Merge "Add spec for volume backed server rebuild"

This commit is contained in:
Zuul 2021-12-22 03:38:10 +00:00 committed by Gerrit Code Review
commit 29126c4429
1 changed files with 279 additions and 0 deletions

View File

@ -0,0 +1,279 @@
..
This work is licensed under a Creative Commons Attribution 3.0 Unported
License.
http://creativecommons.org/licenses/by/3.0/legalcode
============================
volume-backed server rebuild
============================
https://blueprints.launchpad.net/nova/+spec/volume-backed-server-rebuild
Currently, the compute API will `fail`_ if a user tries to rebuild
a volume-backed server with a new image. This spec proposes to add
support for rebuilding a volume-backed server with a new image.
.. _fail: https://github.com/openstack/nova/blob/62245235b/nova/compute/api.py#L3318
Problem description
===================
Currently Nova rebuild (with a new image) only supports instances which are
booted from images.

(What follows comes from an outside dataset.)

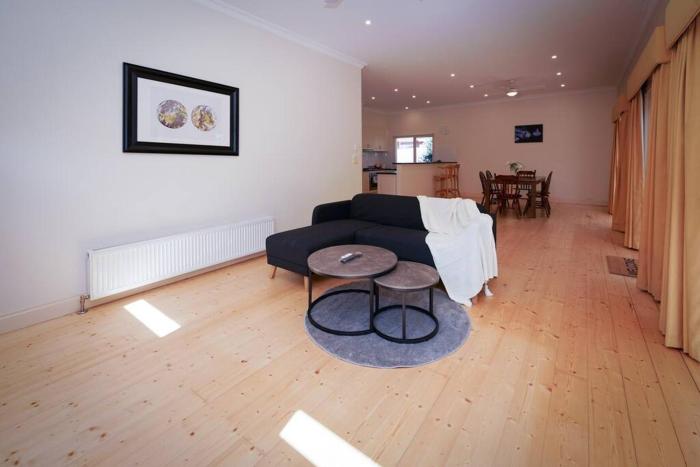 Twilight Villa - 3 bedroom house in Box Hill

The volume-backed instance cannot be rebuilt when a new
image is supplied. Trying to rebuild a volume-backed instance will raise a
HTTPBadRequest exception.
Use Cases
---------
* As a user, I would like to rebuild my volume-backed server with a new image.
* As a nova developer, I would like to have feature parity in the compute API
for volume-backed and image-backed servers.
Proposed change
===============
First, change the existing API for rebuilding a volume-backed server.

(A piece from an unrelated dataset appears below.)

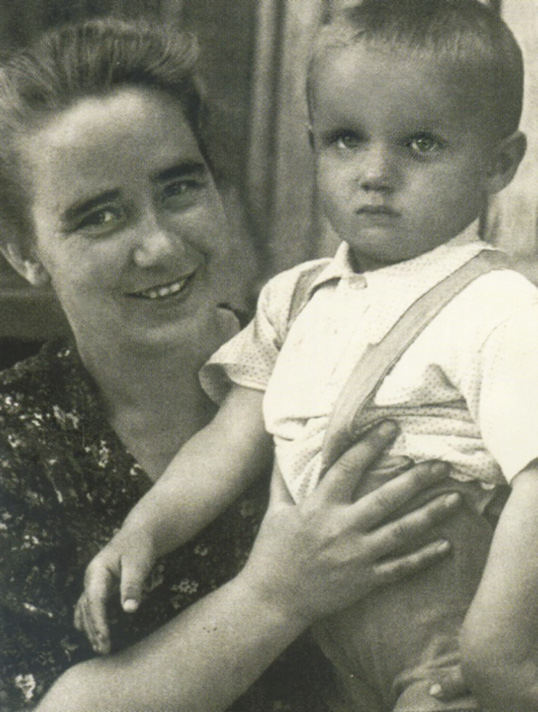 Микола Поляков з мамою Тетяною Федорівною Хрін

Then the API flow would be:
#. A new request parameter, ``reimage_boot_volume`` (boolean), will be added
to the existing reimage API call which, if ``True``, will indicate if the
user wants to reimage a volume backed instance. By default, it will be
``False``.
#. Reject the request if ``reimage_boot_volume`` is passed as ``True`` and the
instance isn't booting from a volume.
#. Has the new API microversion been requested. If it is old API microversion
request, then it should be 400 returned.
#. Provide a COMPUTE_REBUILD_BFV trait for knowing if the compute node can
support volume-backed server rebuild.
if not, will raise RebuildVolumeBackedServerNotSupport exception.

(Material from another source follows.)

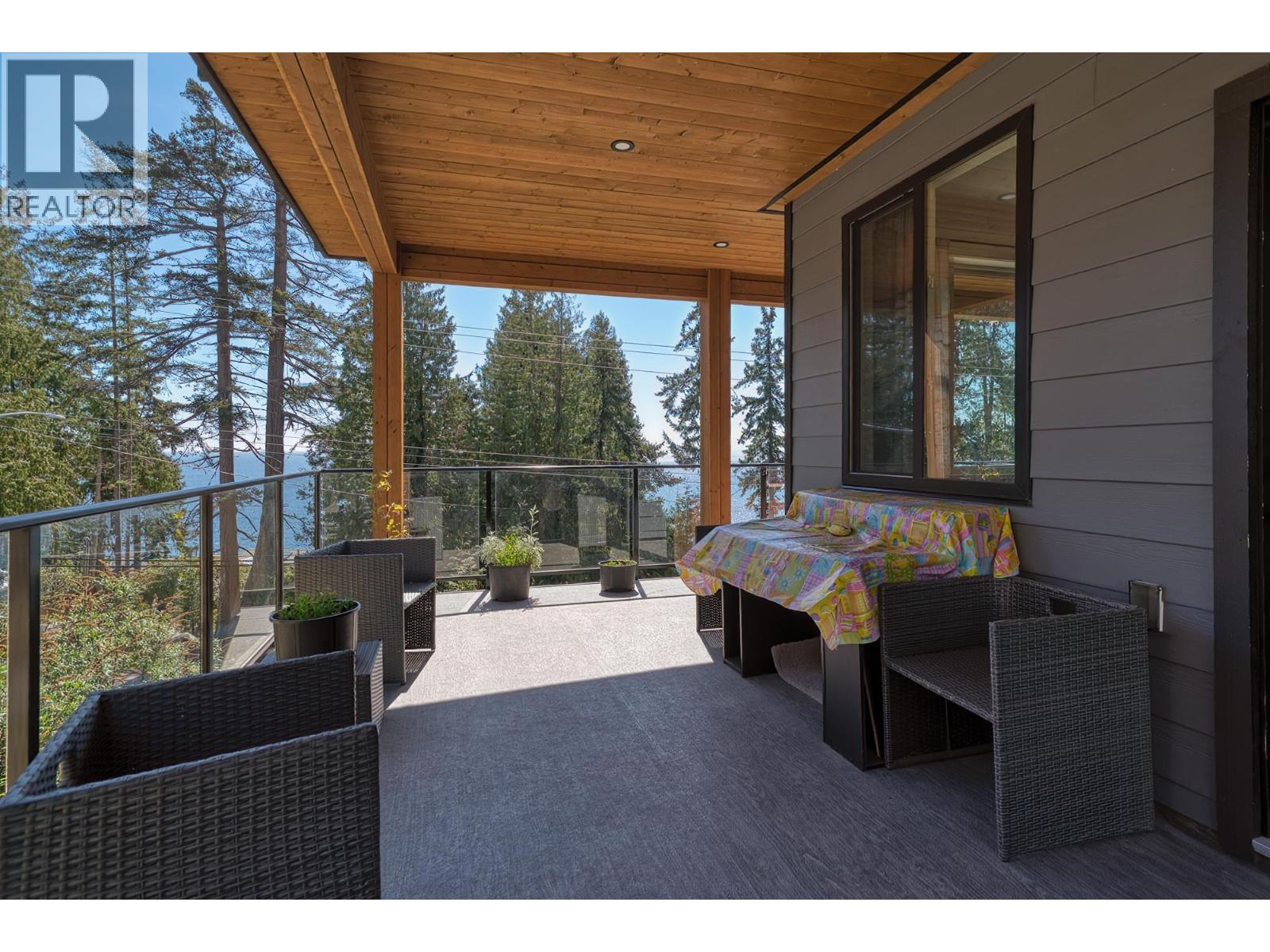 5957 BARNACLE PLACE, Sechelt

#. If the cinder microversion is new enough to support reimage
the boot volume. If not, will raise CinderAPIVersionNotAvailable
exception.
#. In case of multiattach volumes, n-api will reject the request since
rebuilding multiattach volumes require complex attachment handling and
the effort would outweigh the benefit.
Then the nova-compute manager will perform the following steps:
#. Create an empty (no connector) volume attachment for the volume and
server. This ensures the volume remains ``reserved`` through the next
step.
#. Delete the existing volume attachment (the old one).
#. Save the new attachment UUID to the BDM.
#. The above two steps are needed to keep the volume in ``reserved`` state
as a management state which is required by cinder to perform re-image
operation on it.
#. Call the new ``os-reimage`` cinder API.
#. Add a new 'volume-reimaged' external event to wait for cinder to
complete the reimage. Like we use for volume-extend.
See `perform_resize_volume_online`_ for details.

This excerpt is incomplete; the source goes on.